Exercise description:
From the line containing "Hi, welcome to" down to the last line of the material, output each line exactly as it appears, excluding pictures.

Data to use:
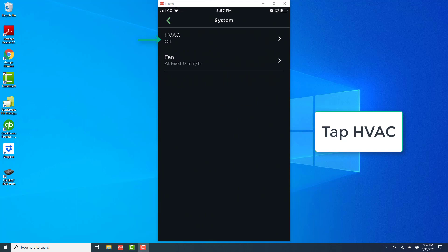Once you tap on system, you will see an option for HVAC at the very top. Tap on the option which says HVAC.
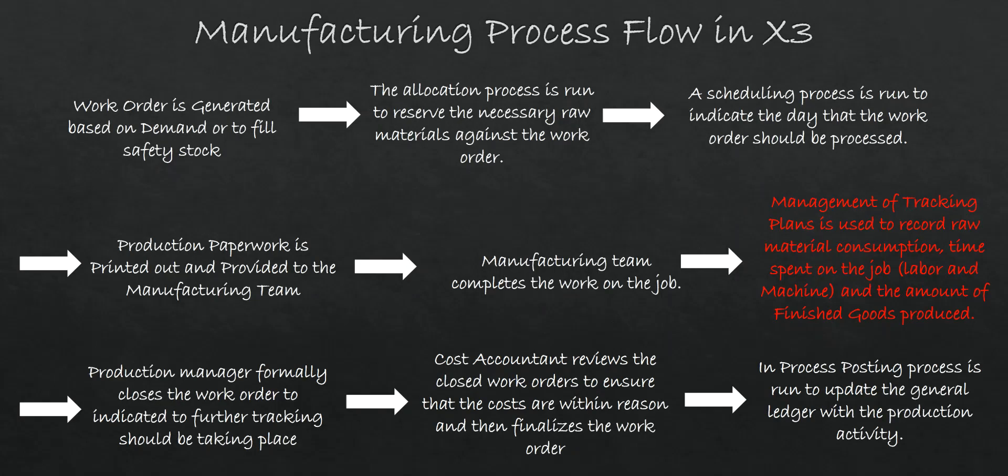If we take a look at the overall manufacturing flow within X3, the management of tracking plans is outlined in red in the workflow here. It's after the production department creates the work order, performs the allocation and scheduling process, and the manufacturing team performs the job. The management of the tracking plans is going to be used to record all this production activity before the work order is closed and finalized. So let's go ahead now and go into X3 and take a look to see how this function works.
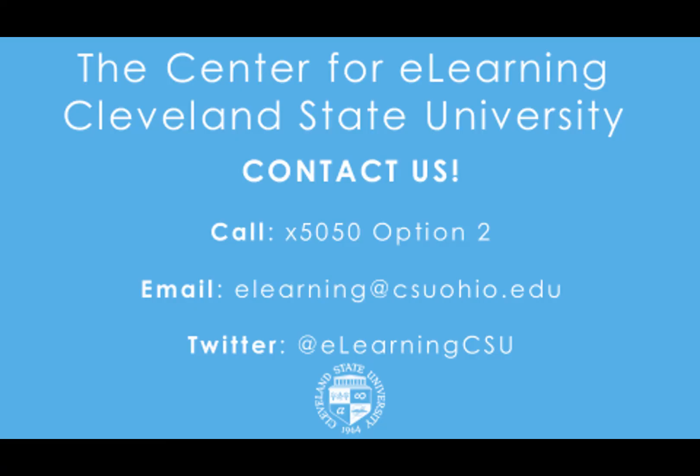Thanks for watching this overview of using Lockdown Browser and Monitor exams. If you have any questions about Lockdown Browser and Monitor or about other proctoring technologies, you can contact the Center for E-Learning at 216-687-3960 or by email at elearning@csuohio.edu. Thank you.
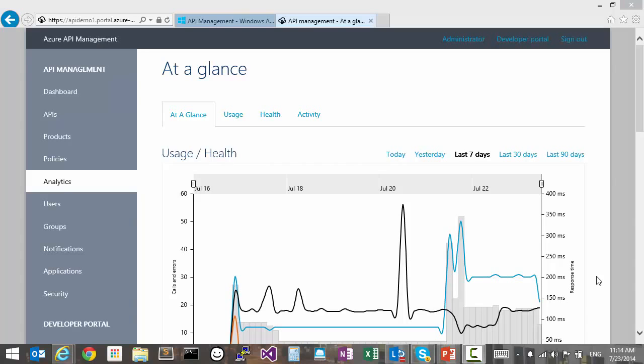Hi, welcome to a short overview of analytics in Azure API Management. This functionality allows you to check on the operational health and usage level of your API.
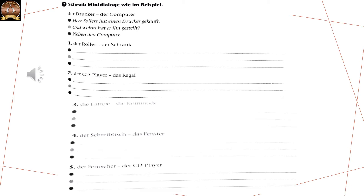Übung zwei. Schreib mini-dialoger vi imbay spiel. They have given two things in each example. In the first example, they have given two things: the Drucker and the Computer. Drucker is a printer. We have to form a dialogue. Herr Zollers hat einen Drucker gekauft — means he has bought a printer. Und wohin hat er ihn gestelt? And where did he keep it? Again, the question is wohin, so the answer will be accusative. Neben den Schrank. That is where the second thing comes into picture.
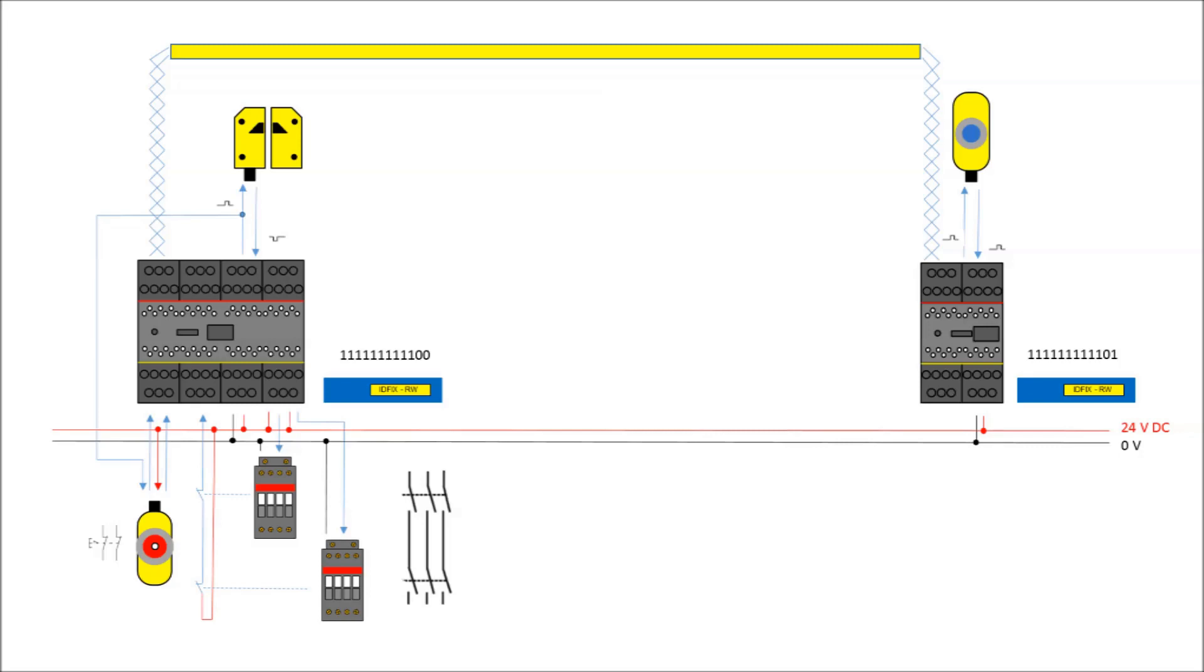This video showed the hardware used in this example project. It will use two Pluto units connected by a bus cable, an Eden sensor, a two-channel emergency stop, two contactors, and a reset button. The following video will go through how to create the project and add Pluto units in the Pluto manager.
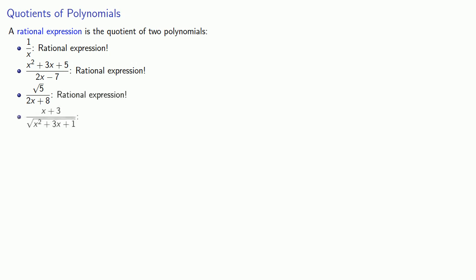Here, our numerator is a first-degree polynomial, but our denominator is a square root, and so this is not a rational expression.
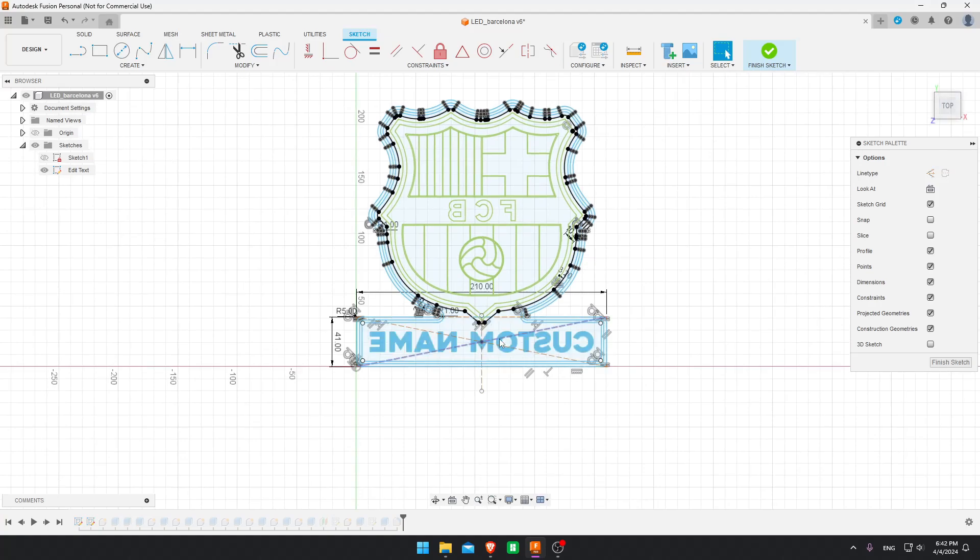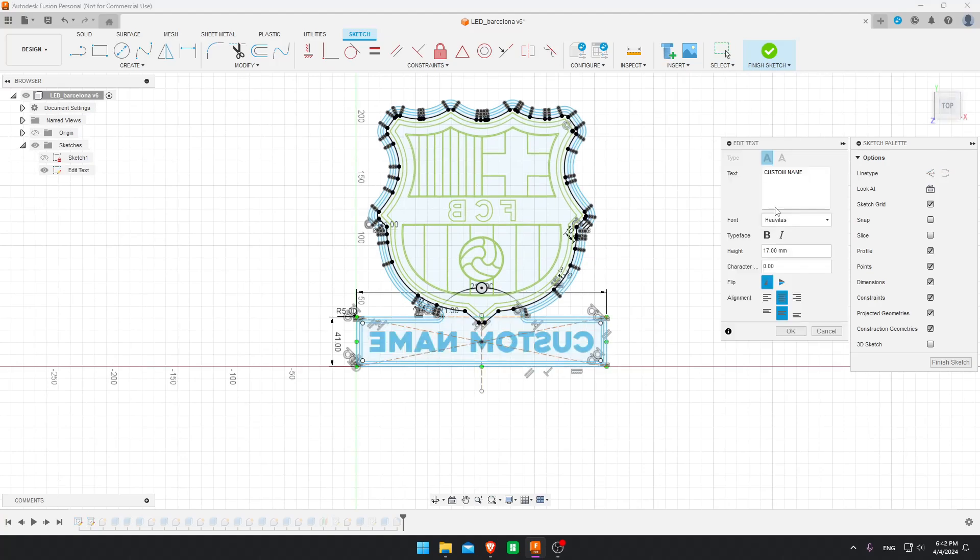Double click the text and this menu should show up. Now you can change the name.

Written reply:
Hi, welcome to a short overview of analytics in Azure API Management. This functionality allows you to check on the operational health and usage level of your API.
Übung zwei. Schreib mini-dialoger vi imbay spiel. They have given two things in each example. In the first example, they have given two things: the Drucker and the Computer. Drucker is a printer. We have to form a dialogue. Herr Zollers hat einen Drucker gekauft — means he has bought a printer. Und wohin hat er ihn gestelt? And where did he keep it? Again, the question is wohin, so the answer will be accusative. Neben den Schrank. That is where the second thing comes into picture.
This video showed the hardware used in this example project. It will use two Pluto units connected by a bus cable, an Eden sensor, a two-channel emergency stop, two contactors, and a reset button. The following video will go through how to create the project and add Pluto units in the Pluto manager.
Here, our numerator is a first-degree polynomial, but our denominator is a square root, and so this is not a rational expression.
Double click the text and this menu should show up. Now you can change the name.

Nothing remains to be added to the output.